INFORMATION SHOWN:
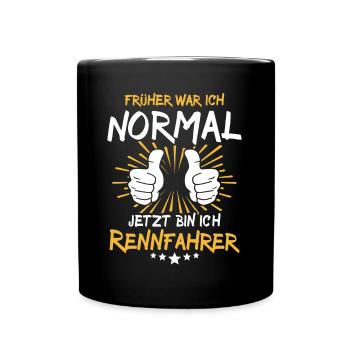 Racer Saying - Full Colour Mug - black - Front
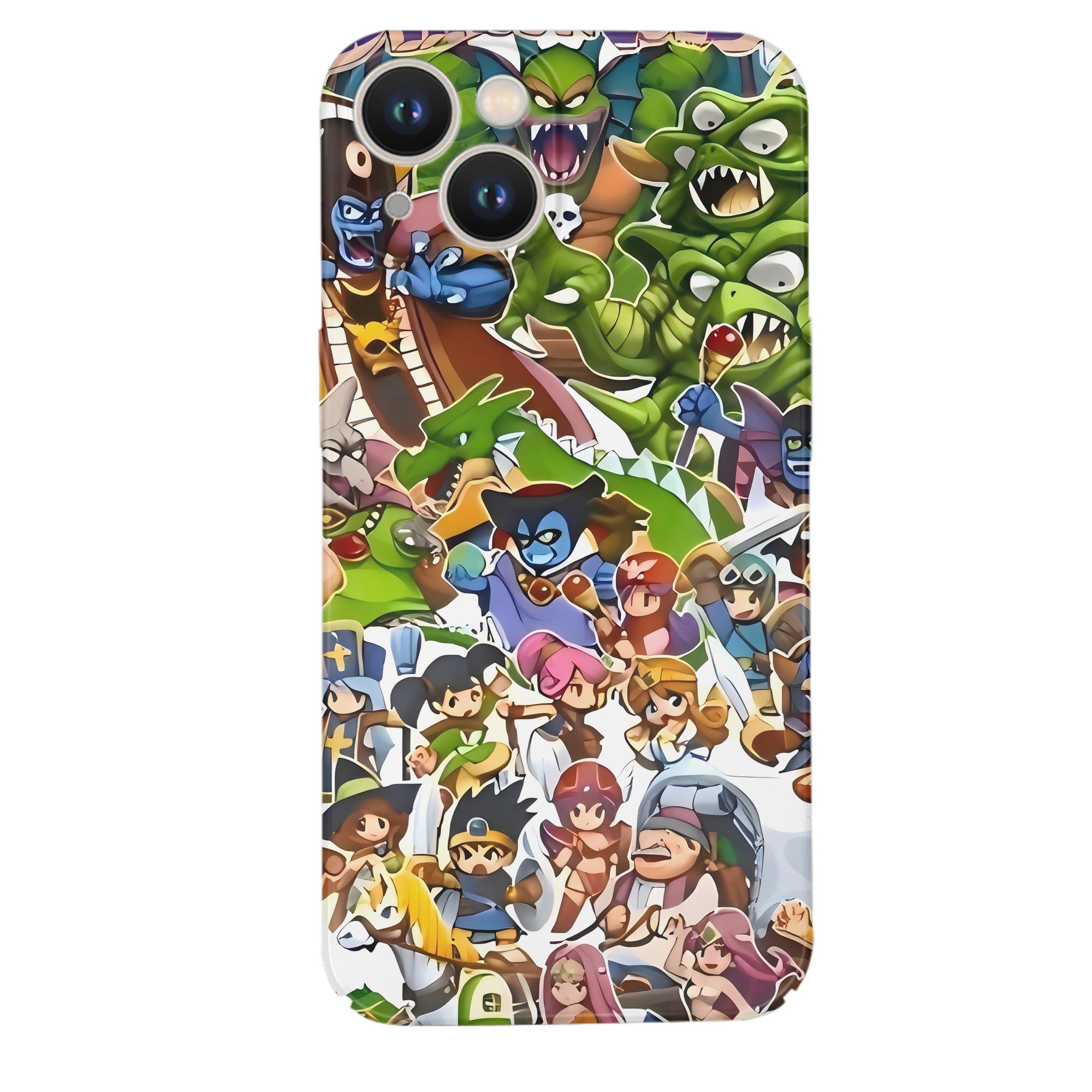 （画像用） ドラゴンクエスト Doragon Kuesuto Dragon Quest 【iPhone 14シリーズ対応】ハードケース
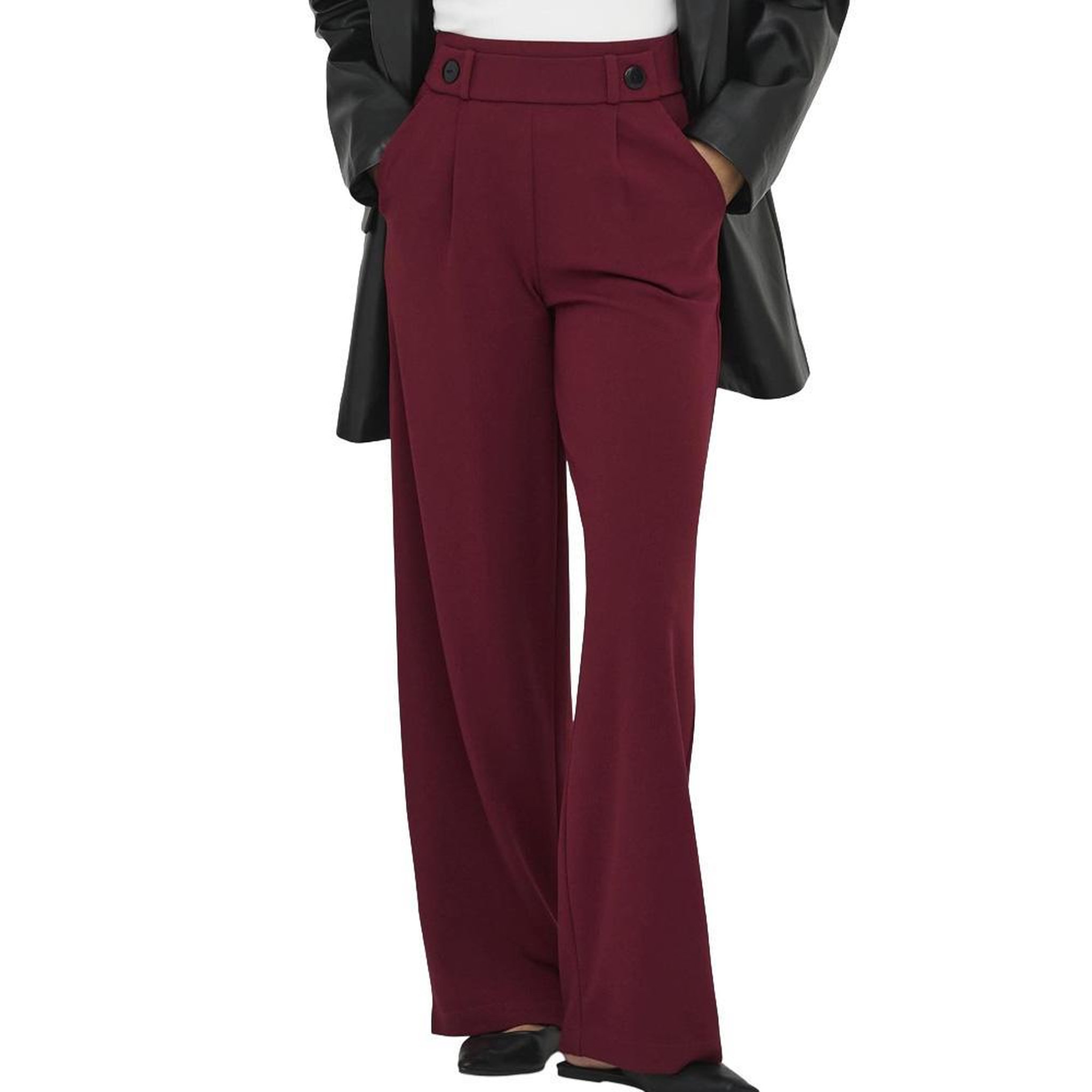 JACQUELINE DE YONG Pantalon rouge femme jdy geggo 15208430. Coloris disponibles : Rouge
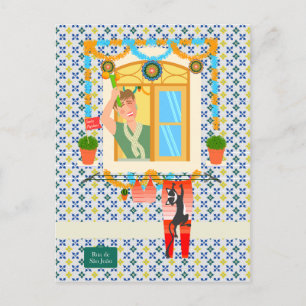 Carte Postale Saint John Portugais Festa Voisin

PROMPT:
Without the pictures, write out the listing exactly as it appears above.

WRITTEN SOLUTION:
 Racer Saying - Full Colour Mug - black - Front
 （画像用） ドラゴンクエスト Doragon Kuesuto Dragon Quest 【iPhone 14シリーズ対応】ハードケース
 JACQUELINE DE YONG Pantalon rouge femme jdy geggo 15208430. Coloris disponibles : Rouge
 Carte Postale Saint John Portugais Festa Voisin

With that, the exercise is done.